Selain itu, di malam satu Suro ini di beberapa daerah di Indonesia terdapat macam ritual tradisi. Seperti Larung Sesaji, yakni sebuah ritual sedekah alam yang memberikan sesaji kepada gunung atau laut sebagai wujud kesadaran kosmos yaitu penghargaan manusia terhadap alam. Kemudian ritual “Jamasan Pusaka” yakni memandikan benda-benda peninggalan leluhur seperti keris dan semacamnya, karena di malam 1 Suro ini dipercaya sebagai malam yang memiliki daya magis yang sangat kuat dalam tradisi Jawa.

Baca juga : Subtansi Hijrah dalam Konteks Negara Kebangsaan

Dalam konteks saat ini, masyarakat Indonesia dalam semarak moment bulan Hijrah/Hijriah ini idealnya dimanifestasikan dengan sebaik mungkin untuk meneguhkan spirit kebangsaan. Karena saat ini berbagai gempuran narasi radikalisme sedang menghantui dan teramplifikasi di media sosial. Salah satunya adalah propaganda film “Jejak Khilafah Nusantara” yang rencana akan di upcoming pada tanggal 1 Muharram 1442 H atau bertepatan pada tanggal 20 Agustus 2020, di akun Youtobe Khilafah Channel.

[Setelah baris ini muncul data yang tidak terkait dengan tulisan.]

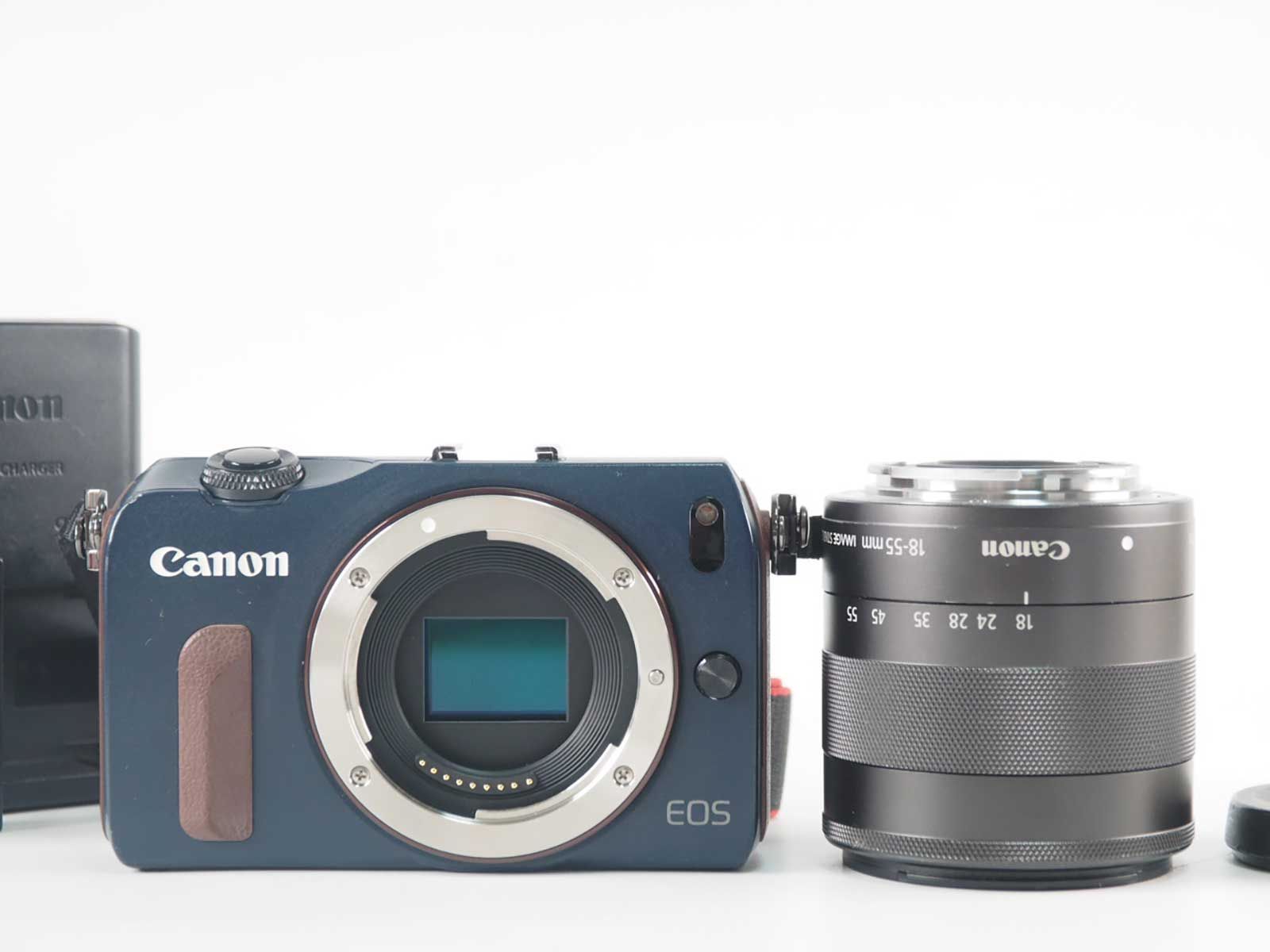 キャノン Canon EOS M Mirrorless Digital Camera Blue 18-55mm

Film yang digawangi oleh Nicko Pandawa Cs ini telah menyebarkan propagandanya melalui akun Pusat Media Islam di Facebook. Mereka ingin memberikan narasi tentang relasi historis antara kekhalifahan Turki Utsmani dengan berbagai kerajaan di Nusantara, di antaranya kerajaan Samudera Pasai dan kerajaan Islam di Sumatera lainnya, Sultan Mataram serta Sultan Banten.

Mereka berupaya memaparkan akan romantisme kekhilafahan di abad pertengahan serta mengaitkannya dengan jejak sejarah Nusantara. Padahal, hal ini merupakan suatu kecacatan sejarah yang tidak memiliki dasar data sejarah yang kuat. Mereka berupaya mengaitkan sejarah yang sama sekali tidak memiliki “sanad sejarah” yang otentik, dengan konteks Nusantara. Hal ini juga diafirmasi oleh M. Ishom el Saha (2020), Benarkah Sultan Mataram dan Sultan Banten Bertemu Sultan Turki Usmani, sebagaimana dalam sebagian penjelasan film tersebut? Ternyata tidak! Mereka hanya bertemu dengan Syarif Mekkah generasi kedua keluarga Zaid b. Muhsin yang masih keturunan Bani Hasyim.

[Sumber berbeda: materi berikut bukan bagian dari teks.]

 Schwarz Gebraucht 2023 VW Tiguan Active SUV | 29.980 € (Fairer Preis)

Dalam hal ini, kita perlu melawan propaganda khilafahisme yang dilakukan mereka melalui media. Karena semakin banyak hastag atau wacana tentang khilafah di media sosial, akan semakin memperlebar kesempatan mereka untuk diperbincangkan, karena logika algoritma media memang demikian dalam bekerja. Untuk itu, masyarakat harus membaca kembali akan kebenaran sejarah yang ada di Nusantara, karena hal ini akan memperluas wawasan kita dalam memahami pergulatan sejarah yang amat panjang bangsa kita. Akhirnya, nuansa sakralitas dalam bulan muharram ini jangan sampai tercederai hanya karena semangat primordial suatu kelompok tertentu untuk memuluskan kepentingannya dalam mengkampanyekan ideologi Khilafah. Kita perlu menyikapi hal ini dan menolak narasi sejarah yang cacat tersebut, agar tidak dikonsumsi oleh masyarakat kita. Sehingga kita selamat dari kebohongan sejarah yang dibuat oleh para pengosong khilafah tersebut. Semoga.